CLIP$^2$: Contrastive Language-Image-Point Pretraining from Real-World Point Cloud Data

Published 22 Mar 2023 in cs.CV | (2303.12417v2)

Abstract: Contrastive Language-Image Pre-training, benefiting from large-scale unlabeled text-image pairs, has demonstrated great performance in open-world vision understanding tasks. However, due to the limited Text-3D data pairs, adapting the success of 2D Vision-LLMs (VLM) to the 3D space remains an open problem.
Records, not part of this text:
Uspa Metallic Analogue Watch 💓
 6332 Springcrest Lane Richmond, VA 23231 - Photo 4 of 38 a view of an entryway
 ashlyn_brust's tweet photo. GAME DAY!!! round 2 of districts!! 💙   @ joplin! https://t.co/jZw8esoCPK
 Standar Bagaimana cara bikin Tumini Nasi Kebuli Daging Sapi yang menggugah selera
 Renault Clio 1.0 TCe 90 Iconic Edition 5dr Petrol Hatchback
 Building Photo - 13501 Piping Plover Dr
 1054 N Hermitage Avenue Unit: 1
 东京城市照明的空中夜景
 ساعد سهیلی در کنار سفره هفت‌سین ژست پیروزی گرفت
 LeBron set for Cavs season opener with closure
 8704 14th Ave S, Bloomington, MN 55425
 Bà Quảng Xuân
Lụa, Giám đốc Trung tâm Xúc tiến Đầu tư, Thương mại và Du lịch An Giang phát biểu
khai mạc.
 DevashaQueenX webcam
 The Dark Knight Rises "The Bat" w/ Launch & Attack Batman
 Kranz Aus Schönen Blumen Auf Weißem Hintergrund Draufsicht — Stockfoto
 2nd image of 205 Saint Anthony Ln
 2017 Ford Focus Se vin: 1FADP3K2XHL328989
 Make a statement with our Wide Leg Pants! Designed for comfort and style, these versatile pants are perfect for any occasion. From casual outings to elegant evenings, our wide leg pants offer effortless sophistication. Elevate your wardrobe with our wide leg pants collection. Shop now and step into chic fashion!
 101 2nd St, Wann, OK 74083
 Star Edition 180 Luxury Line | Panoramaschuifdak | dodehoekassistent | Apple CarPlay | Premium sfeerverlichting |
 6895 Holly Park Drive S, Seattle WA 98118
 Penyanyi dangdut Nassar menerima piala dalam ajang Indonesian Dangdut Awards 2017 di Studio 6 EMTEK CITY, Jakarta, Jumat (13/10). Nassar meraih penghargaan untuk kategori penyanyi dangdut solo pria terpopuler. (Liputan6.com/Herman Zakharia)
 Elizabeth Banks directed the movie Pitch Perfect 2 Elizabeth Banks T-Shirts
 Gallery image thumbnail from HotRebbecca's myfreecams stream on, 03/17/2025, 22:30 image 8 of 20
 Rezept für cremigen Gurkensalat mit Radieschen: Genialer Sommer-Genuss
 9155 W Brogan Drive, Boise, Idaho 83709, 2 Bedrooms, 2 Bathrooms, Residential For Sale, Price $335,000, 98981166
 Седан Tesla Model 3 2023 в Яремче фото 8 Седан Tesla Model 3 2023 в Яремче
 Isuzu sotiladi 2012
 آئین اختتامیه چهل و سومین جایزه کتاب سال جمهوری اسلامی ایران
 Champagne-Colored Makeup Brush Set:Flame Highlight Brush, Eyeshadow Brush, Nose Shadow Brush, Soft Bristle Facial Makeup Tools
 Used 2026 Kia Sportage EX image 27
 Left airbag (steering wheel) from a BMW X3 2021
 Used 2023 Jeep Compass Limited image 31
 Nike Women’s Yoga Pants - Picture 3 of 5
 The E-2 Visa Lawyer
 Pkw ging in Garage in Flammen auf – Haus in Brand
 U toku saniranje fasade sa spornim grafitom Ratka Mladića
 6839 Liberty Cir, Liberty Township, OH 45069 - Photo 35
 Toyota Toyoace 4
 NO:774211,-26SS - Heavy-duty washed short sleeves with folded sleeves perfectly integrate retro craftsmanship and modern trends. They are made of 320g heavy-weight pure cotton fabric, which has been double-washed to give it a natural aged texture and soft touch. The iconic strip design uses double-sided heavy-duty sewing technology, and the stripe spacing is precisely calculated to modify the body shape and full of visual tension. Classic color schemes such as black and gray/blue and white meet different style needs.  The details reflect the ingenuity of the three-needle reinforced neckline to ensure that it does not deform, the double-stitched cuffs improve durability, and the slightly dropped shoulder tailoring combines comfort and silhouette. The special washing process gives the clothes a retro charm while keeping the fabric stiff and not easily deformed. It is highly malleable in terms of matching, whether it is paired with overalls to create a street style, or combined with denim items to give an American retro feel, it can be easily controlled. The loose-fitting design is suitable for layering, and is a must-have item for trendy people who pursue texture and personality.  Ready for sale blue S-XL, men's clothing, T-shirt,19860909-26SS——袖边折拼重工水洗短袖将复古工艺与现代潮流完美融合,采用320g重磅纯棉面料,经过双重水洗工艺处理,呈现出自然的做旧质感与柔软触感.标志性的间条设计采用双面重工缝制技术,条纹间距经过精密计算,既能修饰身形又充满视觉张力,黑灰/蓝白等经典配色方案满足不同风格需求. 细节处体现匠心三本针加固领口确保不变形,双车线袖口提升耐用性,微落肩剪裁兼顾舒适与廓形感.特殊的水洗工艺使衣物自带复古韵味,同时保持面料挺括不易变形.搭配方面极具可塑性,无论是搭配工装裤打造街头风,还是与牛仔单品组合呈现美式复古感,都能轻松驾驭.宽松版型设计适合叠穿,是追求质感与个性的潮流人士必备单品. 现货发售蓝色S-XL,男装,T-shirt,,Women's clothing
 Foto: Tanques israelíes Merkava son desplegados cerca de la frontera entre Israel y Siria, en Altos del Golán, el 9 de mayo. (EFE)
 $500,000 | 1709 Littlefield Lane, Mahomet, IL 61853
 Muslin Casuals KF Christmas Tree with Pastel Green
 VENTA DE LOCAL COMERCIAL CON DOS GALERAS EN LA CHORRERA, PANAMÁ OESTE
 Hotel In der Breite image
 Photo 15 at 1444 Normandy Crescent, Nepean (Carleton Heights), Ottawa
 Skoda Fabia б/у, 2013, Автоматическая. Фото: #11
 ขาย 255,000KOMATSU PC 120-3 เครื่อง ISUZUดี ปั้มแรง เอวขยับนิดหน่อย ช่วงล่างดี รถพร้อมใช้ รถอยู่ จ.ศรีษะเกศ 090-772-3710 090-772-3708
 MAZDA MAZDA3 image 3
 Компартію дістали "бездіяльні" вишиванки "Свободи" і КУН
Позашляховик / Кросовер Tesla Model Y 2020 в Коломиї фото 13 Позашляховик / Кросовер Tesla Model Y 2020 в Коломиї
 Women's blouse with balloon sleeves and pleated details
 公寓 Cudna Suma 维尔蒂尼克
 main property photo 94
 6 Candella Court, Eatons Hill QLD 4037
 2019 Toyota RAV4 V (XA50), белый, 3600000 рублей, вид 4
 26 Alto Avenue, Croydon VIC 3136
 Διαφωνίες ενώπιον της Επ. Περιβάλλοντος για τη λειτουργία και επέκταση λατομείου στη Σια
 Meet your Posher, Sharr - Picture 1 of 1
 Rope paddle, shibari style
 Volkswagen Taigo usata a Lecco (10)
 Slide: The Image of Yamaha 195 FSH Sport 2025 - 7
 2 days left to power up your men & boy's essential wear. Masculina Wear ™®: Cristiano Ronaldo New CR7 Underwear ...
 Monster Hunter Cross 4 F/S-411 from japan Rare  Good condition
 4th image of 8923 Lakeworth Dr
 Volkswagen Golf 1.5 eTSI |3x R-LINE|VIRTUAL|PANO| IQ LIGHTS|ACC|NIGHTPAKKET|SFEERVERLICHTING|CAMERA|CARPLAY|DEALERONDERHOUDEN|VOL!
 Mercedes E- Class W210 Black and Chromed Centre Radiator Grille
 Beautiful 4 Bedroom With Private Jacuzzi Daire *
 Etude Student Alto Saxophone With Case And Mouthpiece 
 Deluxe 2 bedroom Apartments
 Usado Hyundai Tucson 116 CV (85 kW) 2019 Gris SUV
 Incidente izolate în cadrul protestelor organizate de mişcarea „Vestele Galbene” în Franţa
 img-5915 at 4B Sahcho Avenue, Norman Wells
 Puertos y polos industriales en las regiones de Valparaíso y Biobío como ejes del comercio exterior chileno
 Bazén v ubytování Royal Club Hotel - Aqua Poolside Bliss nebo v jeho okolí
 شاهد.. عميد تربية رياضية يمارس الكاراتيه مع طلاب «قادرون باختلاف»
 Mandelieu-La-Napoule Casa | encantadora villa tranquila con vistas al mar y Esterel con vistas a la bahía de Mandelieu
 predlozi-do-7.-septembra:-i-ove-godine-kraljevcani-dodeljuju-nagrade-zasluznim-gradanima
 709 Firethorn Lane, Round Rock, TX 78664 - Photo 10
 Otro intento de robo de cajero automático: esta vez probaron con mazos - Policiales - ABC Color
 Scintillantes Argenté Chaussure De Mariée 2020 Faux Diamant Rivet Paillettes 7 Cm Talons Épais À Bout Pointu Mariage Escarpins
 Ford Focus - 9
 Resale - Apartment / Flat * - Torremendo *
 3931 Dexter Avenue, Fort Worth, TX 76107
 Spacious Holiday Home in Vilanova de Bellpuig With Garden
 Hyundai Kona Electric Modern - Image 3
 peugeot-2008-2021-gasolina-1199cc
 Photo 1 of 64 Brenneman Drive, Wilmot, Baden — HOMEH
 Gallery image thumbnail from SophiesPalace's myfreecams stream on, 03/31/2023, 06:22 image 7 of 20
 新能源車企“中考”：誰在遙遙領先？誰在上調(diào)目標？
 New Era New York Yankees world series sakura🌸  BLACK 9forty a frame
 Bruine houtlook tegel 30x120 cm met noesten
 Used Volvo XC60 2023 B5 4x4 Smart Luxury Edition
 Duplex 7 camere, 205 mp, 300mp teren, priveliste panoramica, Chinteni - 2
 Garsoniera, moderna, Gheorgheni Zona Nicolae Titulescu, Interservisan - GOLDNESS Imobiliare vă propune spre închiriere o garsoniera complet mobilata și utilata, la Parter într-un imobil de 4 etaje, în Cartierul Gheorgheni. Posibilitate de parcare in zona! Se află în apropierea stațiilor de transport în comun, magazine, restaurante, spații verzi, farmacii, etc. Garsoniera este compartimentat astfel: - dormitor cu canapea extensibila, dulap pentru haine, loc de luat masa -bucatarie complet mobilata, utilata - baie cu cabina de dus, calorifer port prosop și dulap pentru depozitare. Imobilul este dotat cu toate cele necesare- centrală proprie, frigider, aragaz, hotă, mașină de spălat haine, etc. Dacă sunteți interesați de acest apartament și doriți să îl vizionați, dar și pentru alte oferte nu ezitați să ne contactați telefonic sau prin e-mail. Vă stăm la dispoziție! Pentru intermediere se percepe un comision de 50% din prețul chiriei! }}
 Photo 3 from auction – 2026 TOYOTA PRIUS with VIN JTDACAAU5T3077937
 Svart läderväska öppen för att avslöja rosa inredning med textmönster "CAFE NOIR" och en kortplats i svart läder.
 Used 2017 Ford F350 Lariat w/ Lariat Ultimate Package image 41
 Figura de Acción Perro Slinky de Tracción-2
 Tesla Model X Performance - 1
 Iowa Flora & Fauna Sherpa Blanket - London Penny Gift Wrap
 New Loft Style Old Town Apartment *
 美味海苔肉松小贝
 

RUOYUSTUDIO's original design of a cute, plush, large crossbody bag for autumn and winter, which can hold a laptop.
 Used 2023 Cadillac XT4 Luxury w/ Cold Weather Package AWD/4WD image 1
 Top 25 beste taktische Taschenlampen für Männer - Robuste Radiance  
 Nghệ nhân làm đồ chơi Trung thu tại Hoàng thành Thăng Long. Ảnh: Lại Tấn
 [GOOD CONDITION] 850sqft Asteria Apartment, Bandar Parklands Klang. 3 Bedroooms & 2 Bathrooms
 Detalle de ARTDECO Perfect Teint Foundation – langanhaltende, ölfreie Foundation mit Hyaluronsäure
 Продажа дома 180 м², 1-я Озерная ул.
Existing works that leverage VLM for 3D understanding generally resort to constructing intermediate 2D representations for the 3D data, but at the cost of losing 3D geometry information. To take a step toward open-world 3D vision understanding, we propose Contrastive Language-Image-Point Cloud Pretraining (CLIP$^2$) to directly learn the transferable 3D point cloud representation in realistic scenarios with a novel proxy alignment mechanism. Specifically, we exploit naturally-existed correspondences in 2D and 3D scenarios, and build well-aligned and instance-based text-image-point proxies from those complex scenarios. On top of that, we propose a cross-modal contrastive objective to learn semantic and instance-level aligned point cloud representation. Experimental results on both indoor and outdoor scenarios show that our learned 3D representation has great transfer ability in downstream tasks, including zero-shot and few-shot 3D recognition, which boosts the state-of-the-art methods by large margins. Furthermore, we provide analyses of the capability of different representations in real scenarios and present the optional ensemble scheme.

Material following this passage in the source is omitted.